Research led by Johns Hopkins Children's Center scientists has figured out why a respiratory syncytial virus vaccine used in 1966 to inoculate children against the infection instead caused severe respiratory disease and effectively stopped efforts to make a better one. The findings, published online on Dec. 14 in Nature Medicine, could restart work on effective killed-virus vaccines not only for RSV but other respiratory viruses, researchers say. The new findings also debunk a popular theory that the 1966 vaccine was ineffective because the formalin used to inactivate the virus disrupted critical antigens, the substances that stimulate the production of protective antibodies.
Instead, researchers said, the problem occurred when the antibodies created by the vaccine failed to successfully bind to the real virus after exposure to it, thereby incapacitating it. Like vaccines against influenza and polio, the 1966 formalin-inactivated RSV vaccine produced antibodies, but these turned out to be defective ones with poor virus-binding ability.
"We have found the root cause of the problem, and in doing so we have uncovered clues that will help us design even safer and more effective vaccines in the future," says senior investigator Fernando Polack, MD, an infectious disease specialist at Hopkins Children's.
More specifically, in a series of experiments, the research team discovered that the old RSV vaccine failed to trigger a "signaling" mechanism — called toll-like receptor activation — that helps the immune system recognize a virus and mount a defense against it. Toll-like receptor activation is the first in cascade of immune system responses that occur after infection, firing off signals to other immune cells telling them to produce and release antibodies.
First, the team compared immune system response in three groups of mice: those vaccinated with a placebo, those with a weakened form of the RSV virus, and those with inactivated or killed-virus vaccines. Researchers found that in the last group, the toll-like receptor activation was weak and led to the production of defective antibodies.

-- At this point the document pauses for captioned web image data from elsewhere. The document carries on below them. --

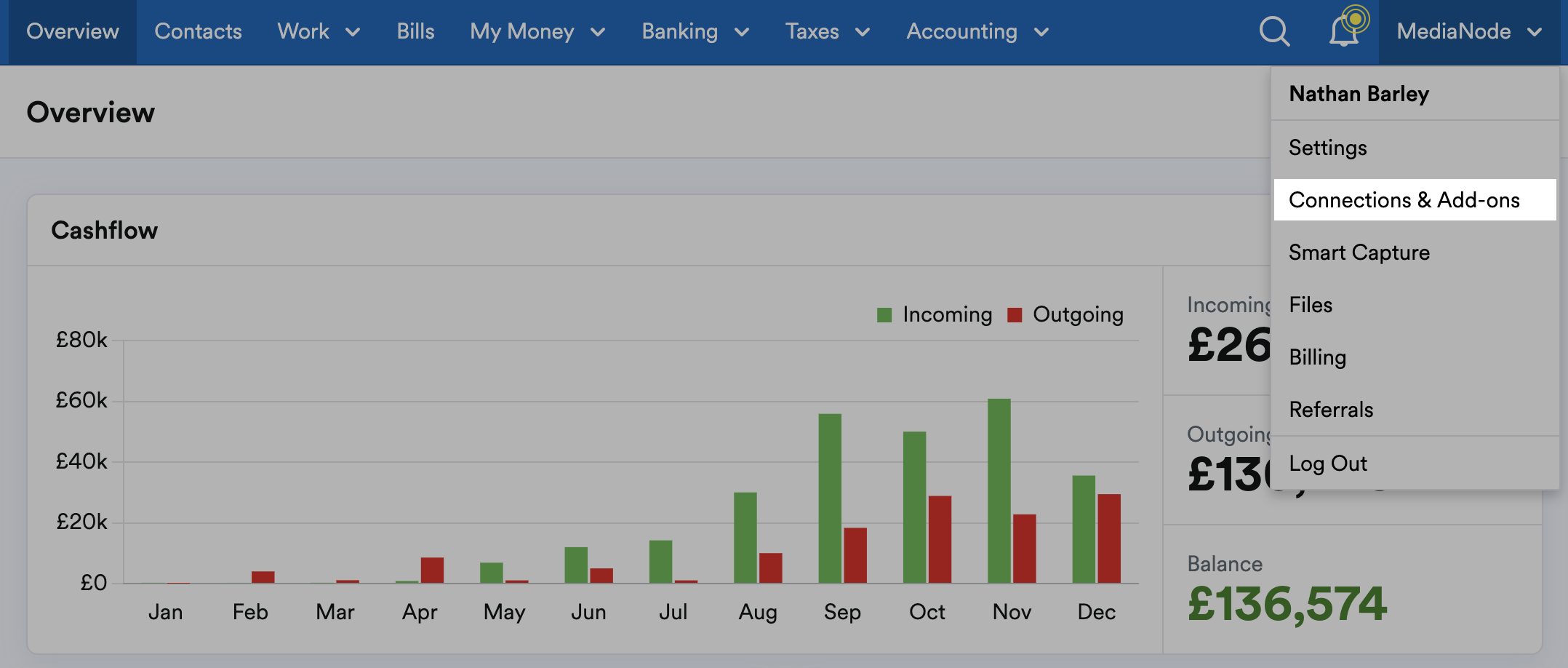 Connections and add-ons option highlighted within drop-down menu below the business name.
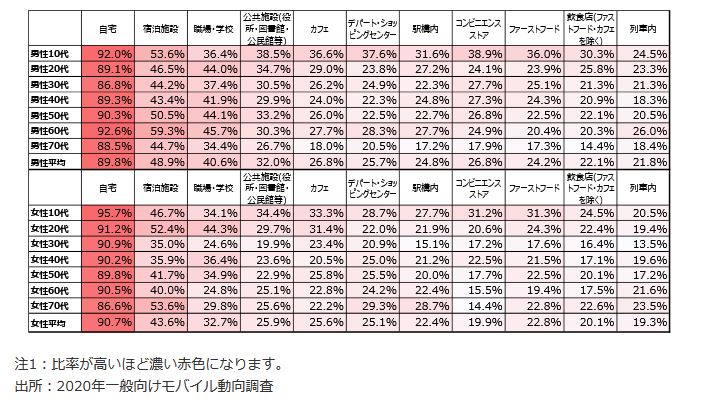 性別と世代別スマートフォンユーザーのWi-Fi利用場所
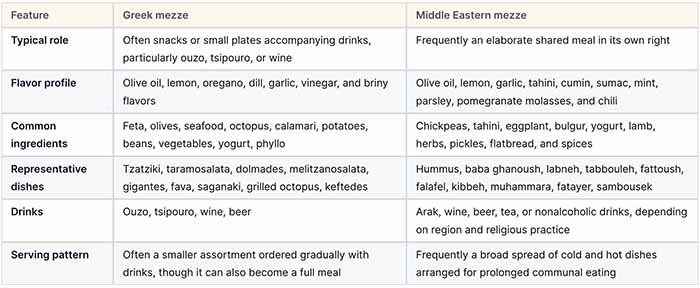 Greek Vs. Middle Eastern Mezze Chart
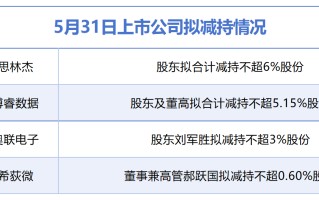 5月31日增减持汇总：思林杰等4股拟减持，暂无A股增持（表）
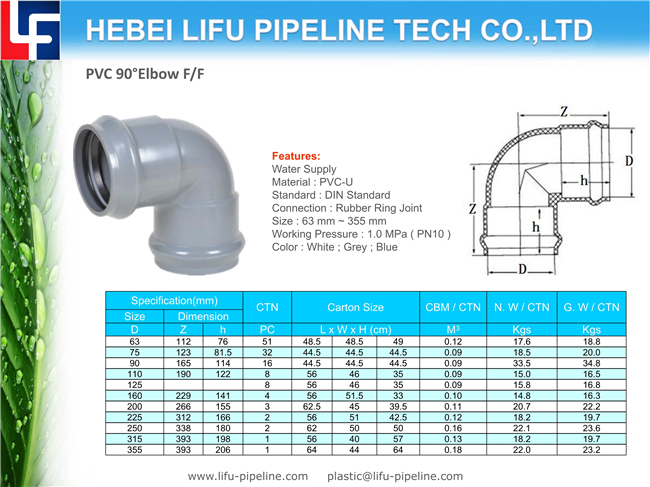 Large Diameter Rubber Ring Joint PVC Pipe Fitting DIN Standard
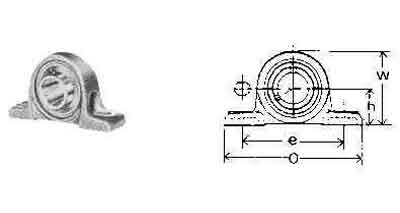 BEARING UNIT UCP-217, SHAFT DIAM 85MM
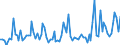 KN 84433180 /Exporte /Einheit = Preise (Euro/Bes. Maßeinheiten) /Partnerland: Ehem.jug.rep.mazed /Meldeland: Europäische Union /84433180:Maschinen, die Mindestens Zwei der Funktionen Drucken, Kopieren Oder šbertragen von Fernkopien Ausfhren und die an Eine Automatische Datenverarbeitungsmaschine Oder ein Netzwerk Angeschlossen Werden K”nnen (Ausg. Solche Deren Hauptfunktion das Digitale Kopieren Ist, Wobei Originale Gescannt und Kopien Mittels Eines Elektrostatischen Verfahrens Gedruckt Werden)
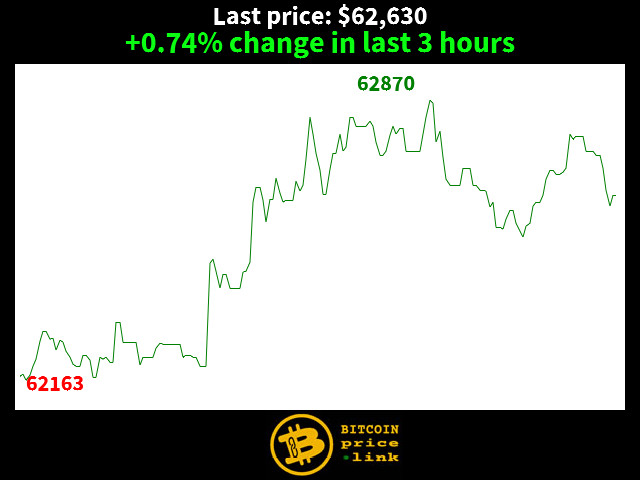 +0.74% change in last 3 hours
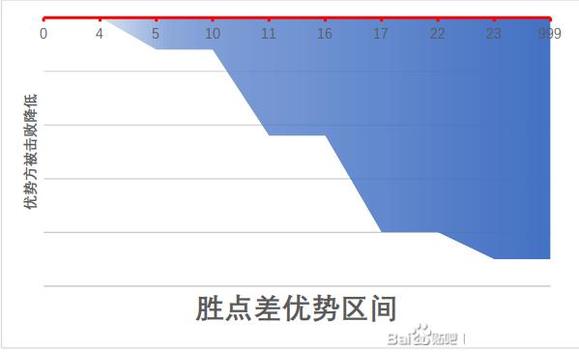 江湖十一身体部位对自身属性和战斗的影响有哪些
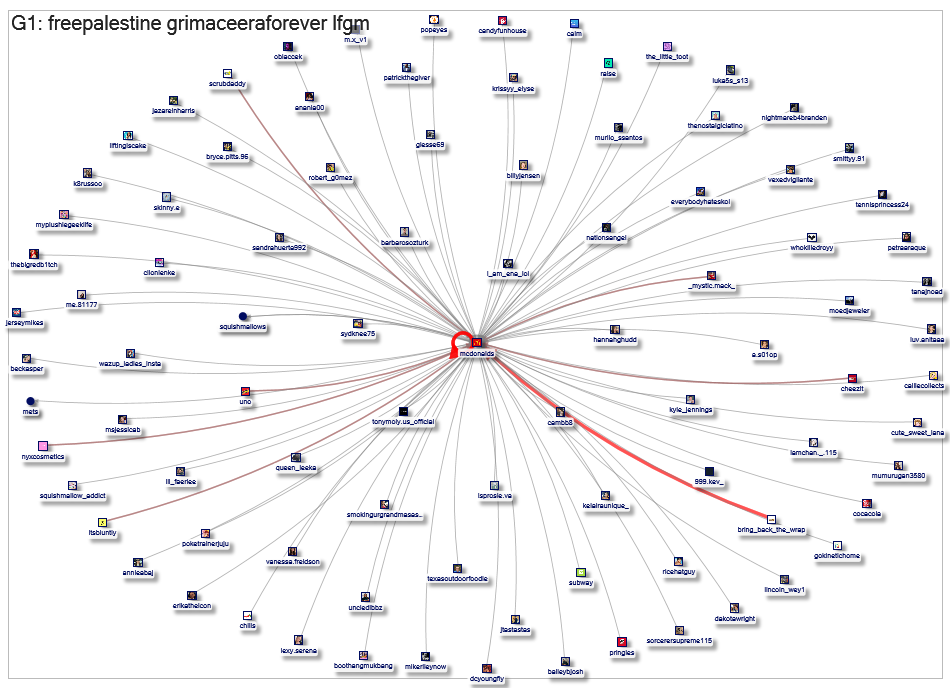 mcdonalds Instagram NodeXL SNA Map and Report for Wednesday, 04 June 2025 at 08:00 UTC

Next, they infused the vaccine with a substance that stimulates toll-like receptor activation to see if it would created antibodies better equipped to bind to and neutralize the virus. Indeed, mice vaccinated with the toll-like receptor stimulating form of the inactivated vaccine produced antibodies with better binding and virus-neutralizing ability. Mice immunized with this form of the vaccine had milder symptoms and less inflammation in the bronchi and the lungs when infected with the real RSV.
RSV is the most common culprit of serious viral infections in newborns and infants younger than1 year, and the leading cause of hospitalization in this age group. Half of all infants contract RSV during their first year of life, and hospitalizations for children with RSV have more than doubled in recent decades, researchers say. To date, there is no vaccine against RSV.
Other investigators in the study: Guillermina Melendi and Johanna Zea Hernandez of Johns Hopkins; Herng-Yu Chang and Wayne Mitzner, of the Johns Hopkins Bloomberg School of Public Health; Maria Florencia Delgado, Silvina Coviello, A. Clara Monsalvo, Juan Batalle, Leandro Diaz of the INFANT Foundation, Buenos Aires, Argentina; Alfonsina Trento and Jose Melero, of Instituto de Salud Carlos III, Madrid, Spain; Jeffrey Ravetch, of Rockefeller University, New York; Pablo Irusta of Georgetown University School of Medicine. The research was funded by an NIH grant and money from the Thomas and Carol McCann Innovative Research Fund for Asthma and Respiratory Diseases.